Rather than rely on permanent vouchers or put families in transitional housing, rapid rehousing places homeless families directly into market-rate apartments. The local government subsidizes their rent for a limited time, after which they pay their own way. In other words, they get a hand up, but once they’re on their feet, they’re no longer reliant on public assistance. (HPRP funding has run out, but there is other federal funding available for rapid rehousing. Some jurisdictions have recently used their own funds for rapid rehousing; others have cut back on the program.)

There are good reasons to push families directly into private housing. Living in shelters can be destabilizing: Children suffer at school, and parents struggle to find work and plan for the future. Moving families quickly into apartments can help them get their lives in order.

“[Shelter] is a very bad place for these families to be living, and kids,” says Nan Roman, president and CEO of the National Alliance to End Homelessness. “If they’re in an apartment, most of them get stabilized, and they’re going to do better not being in the shelter system.”

Down the coast from Alameda, in San Diego County, the largest homeless family service provider has taken a very different approach. North County Solutions for Change begins by addressing a family’s personal and economic challenges and only then places the family into long-term housing.

Violet Bombolo is among the people Solutions for Change has helped.
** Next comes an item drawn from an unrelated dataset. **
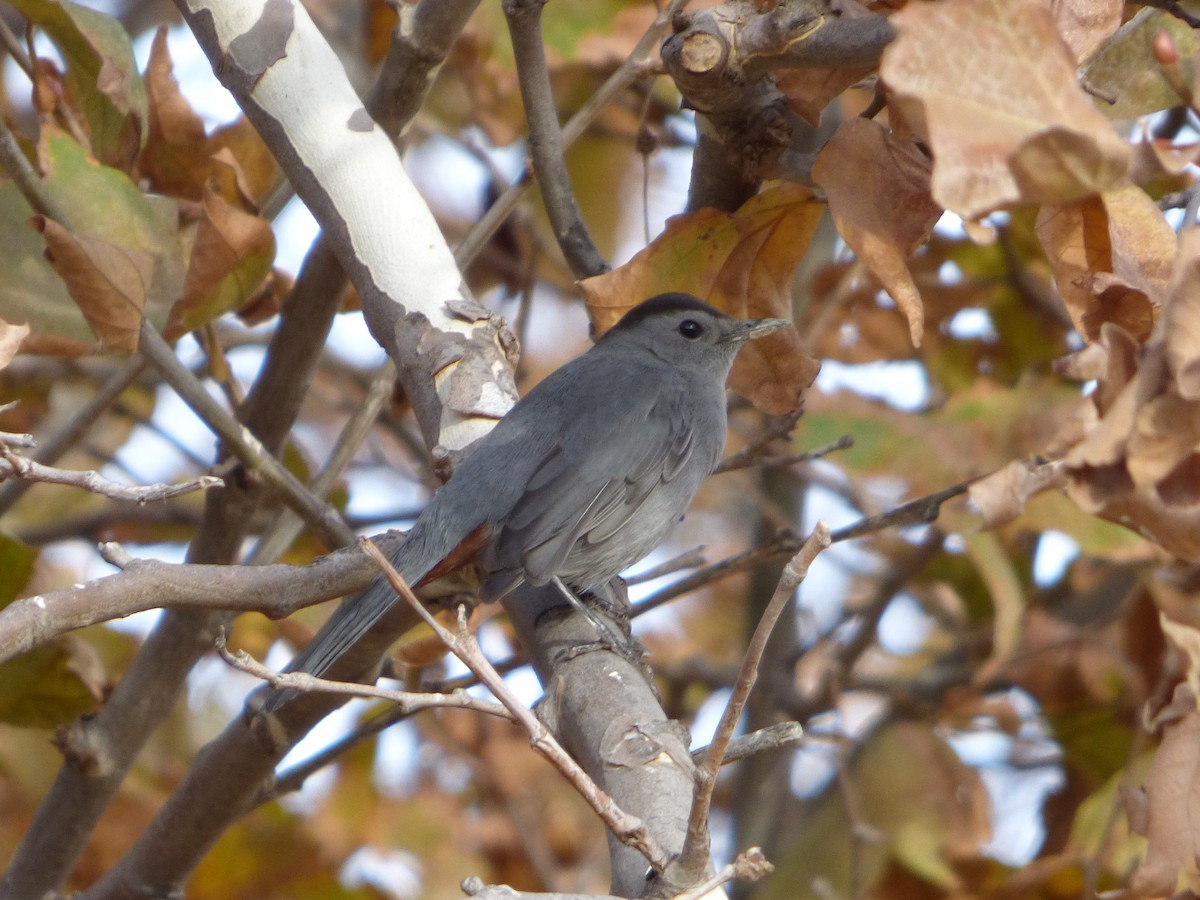 Gray Catbird - ML122000431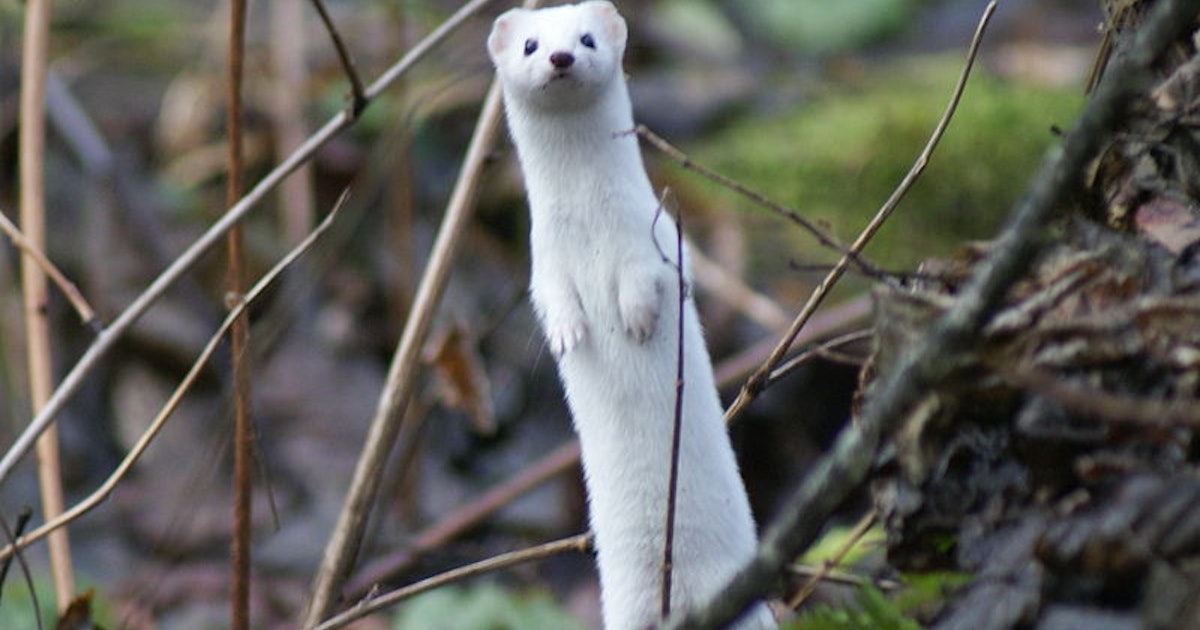 Climate Change Means WhiteFurred Animals Must Adapt or Go Extinct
She and her husband were living paycheck to paycheck until he was laid off and they were evicted from their San Diego County home last June. With disaster seemingly striking all around, a tree also fell on their truck and totaled it. They collected the insurance money and bought an RV.

“Looking back now, that’s crazy,” she says, “but we didn’t know what else to do.”

They parked the RV in a church parking lot, where they had no electricity, just a stove and toilet. But with two children, it was no way to live. They lasted all of four days before turning to Solutions for Change.

“When I was living in that camper, I hadn’t taken a shower in four days,” she recalls. “When I got to the shelter, I wanted to cry. We’re home, we can take a shower. I don’t have to worry about having my kids taken away from me because they don’t have a roof over their heads.”

Bombolo and her family stayed in the shelter for 96 days. They’re now living in a transitional apartment while she begins a job search.

Solutions for Change President Chris Megison argues that his program’s approach avoids the pitfalls of the rapid rehousing model, which quickly places families into housing but doesn’t immediately address the root problem. As a result, he says, children can end up in new housing with drug-addicted parents, and the parents’ struggles are passed on to the next generation.

“The housing-first movement is being hyped up as the solution,” he says. “It’s a dangerous path. If we go down this path, it will massively increase homelessness in the years to come. We won’t solve the causative factors, and that will cause more problems down the road.”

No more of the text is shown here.